Das komplexe Wahlsystem der USA erklären zu müssen, ist eigentlich kein Anlass für freudvolle Tänze. Auf Tiktok aber ist vieles anders. Und so kann man dieser Tage als Mensch, der im vergangenen Jahrtausend geboren wurde, erstaunt darauf blicken, was da in dem sozialen Videonetzwerk los ist, das Donald Trump vor ein paar Monaten noch zerschlagen wollte.
Denn zur Präsidentschaftswahl in den USA erklärten auf Tiktok jugendliche Nutzer tanzend das Wahlsystem, imitierten frech die greisen Kandidaten, produzierten Comedy-Sketche zu den Zwischenergebnissen und sangen tragische Karaoke-Lieder über die Wahlmännerverteilung. Tiktok ist eine Tochterfirma des chinesischen Internetkonzerns Bytedance und das am schnellsten wachsende soziale Netzwerk der Welt. Es ist vor allem bei Jugendlichen sehr beliebt und bekannt für kurze, oft banal-bunte Videoschnipsel.
Medialer Einstieg ins Politische
Es wird deshalb gern als unpolitische Quatsch-Plattform abgetan. Doch in diesem Jahr voller politischer Spannungen in den USA zeigt sich, dass es auch anders kann. Mit seinen verspielten, auf Interaktion ausgelegten Mechanismen kann es offensichtlich einer jungen, digitalen Generation den medialen Einstieg ins Politische ermöglichen. Für viele Tiktok-Nutzer in den USA ist es die erste Wahl, die sie bewusst mitverfolgen.
Dabei ist Tiktok, anders als zum Beispiel Twitter, eigentlich nicht das optimale Medium für Echtzeit-Austausch.
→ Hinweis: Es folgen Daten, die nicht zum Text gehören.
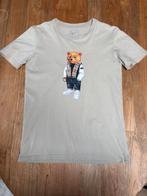 ZGAN shirt van Baron Filou maat XS, Kleding | Heren, Ophalen of Verzenden, Zo goed als nieuw, Maat 46 (S) of kleiner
Zwar hat es wie jedes der grossen sozialen Netzwerke auch längst eine Livestream-Funktion, die besonders in der Wahlnacht von grossen Influencern intensiv genutzt wurde.
Tiktok wird gern als unpolitische Quatsch-Plattform abgetan. Doch es kann auch anders.
Doch die typischen Videos, die 15 bis 60 Sekunden lang sein können, werden nicht nach Aktualität sortiert, sondern per Algorithmus verteilt. Der Vorteil ist: Man braucht keine grosse Anhängerschaft, um im politischen Diskurs gehört zu werden, weil theoretisch jedes Video über den Algorithmus sehr viele Menschen erreichen kann. Der Nachteil ist, dass sehr undurchsichtig bleibt, nach welchen Kriterien Videos auf Tiktok algorithmisch sortiert werden.
Doch Tiktok-Nutzer verbreiten und kommentieren nicht nur Inhalte, sie werden viel stärker als auf anderen Plattformen selbst zum Teil des Inhalts. Der absolute Fokus auf den einzelnen Nutzer macht ihn selbst zum Anbieter politischer Medieninhalte. Das funktioniert auf Tiktok besonders gut, weil die jungen Nutzer eine Bild- und Humorsprache teilen, mit der sie über geografische und politische Grenzen hinweg kommunizieren können.
Wie einst das Fernsehen
Auch deswegen hat die Plattform für viele junge Amerikaner bei dieser Wahl die Lagerfeuer-Funktion übernommen, die das klassische Fernsehen vielleicht noch für ihre Eltern hat. Sorgen vor möglichen gewalttätigen Protesten und Einschätzungen zu den neuen Auszählungsergebnissen teilen die Nutzer nicht mehr nur mit der eigenen Familien, sondern potenziell mit Millionen anderen jungen Menschen, die gerade über das ganze Land verteilt dasselbe Thema umtreibt.